The League of Women Voters has received similar complaints. "What does that mean?" asks Sharon McGraw, executive director of the league's educational fund. "It's just a little creepy."
Ever get the feeling you're being watched? Students at Case Western Reserve have.
Leading up to the vice presidential debate, the campus was buzzing with more conspiracy theories than The X-Files. It seems the school has suddenly enrolled a new class of students who, strangely, eschew tie-dyed Phish shirts for white button-downs and mirrored sunglasses.
"The men . . . have taken pictures of groups of students, and, in some cases, individuals," reports a letter-writer to The Observer, the Case newspaper. "But they haven't stopped there. Mysterious phone calls and e-mails have been received."
Only one conclusion to be drawn from this evidence: The penis-enlargement salesmen have arrived.
Signs of the Arshinkoff
Being an elite suburb has its burdens. Appearances are everything. So in Hudson, political lawn signs are restricted to the standard one-by-two-foot variety. Any resident who wishes to plant one must apply for a permit and agree to take it down within two days after the election.
It seems that someone down there is a big fan of Eastern Bloc government.
But the laws don't apply to Alex Arshinkoff, boss of the Summit County Republican Party. A rather conflicted man, he's been known to cruise leather bars while simultaneously campaigning against gay rights. He's also been known to regularly punish recalcitrant politicians and bureaucrats who refuse to follow his orders, pulling strings to get their family members fired ["Godfather in the Closet," June 11, 2003].

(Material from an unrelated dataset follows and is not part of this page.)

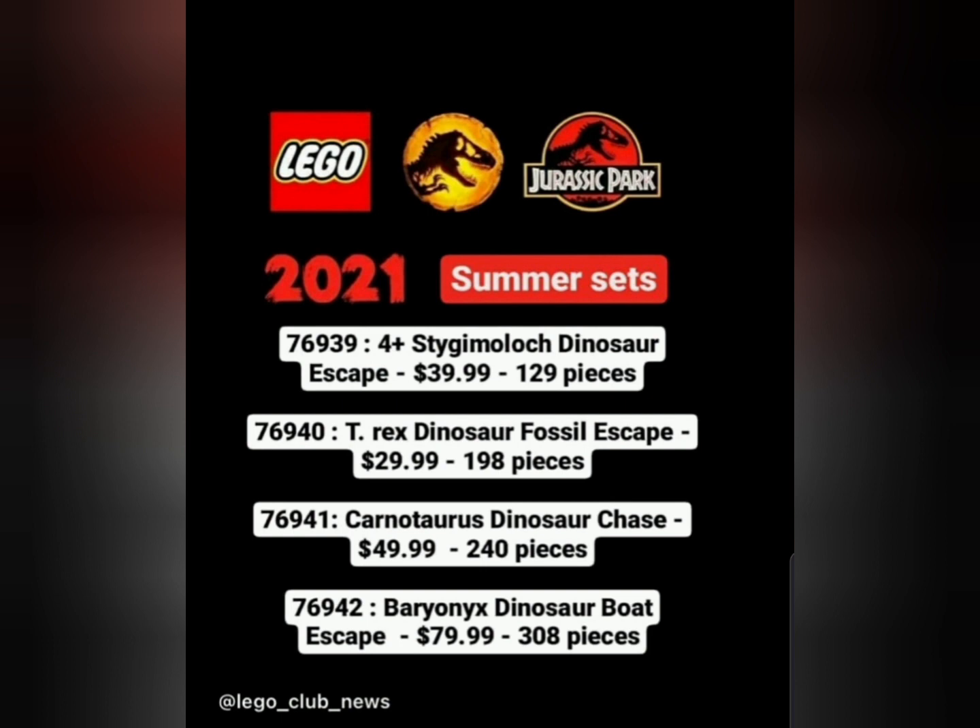Moving on, T-Rex Dinosaur Fossil Escape — I'll talk about that later in the video because it needs a lot of speculation. The Carnotaurus Dinosaur Chase is the second biggest set of this wave. From the name you can tell there's going to be a Carnotaurus, which is a very popular dinosaur nowadays because of Camp Cretaceous. When it says 'dinosaur chase,' the Carnotaurus is going to be chasing a vehicle — maybe a car or a truck.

When Arshinkoff wants a sign, he goes all out. So he planted a six-by-eight-foot Bush/Cheney sign at his home on Route 303, and he's intent on keeping it there.
The City of Hudson is charging him a $75 fine for every day the sign stays up. He now owes $825. But on Saturday, an angry Democrat drove an SUV through the sign. Hours later, Arshinkoff raised another huge sign to replace it. All of which has neighbors crying foul.
"He's getting away with it, and it's pissing me off," says one neighbor, who prefers to remain anonymous, fearing that the notoriously vindictive leader might retaliate. "I've called the police and the development department, and they both say it's a 'very delicate situation.' He's bullying them. If I put a big John Kerry sign on my yard, they'd make me take it down."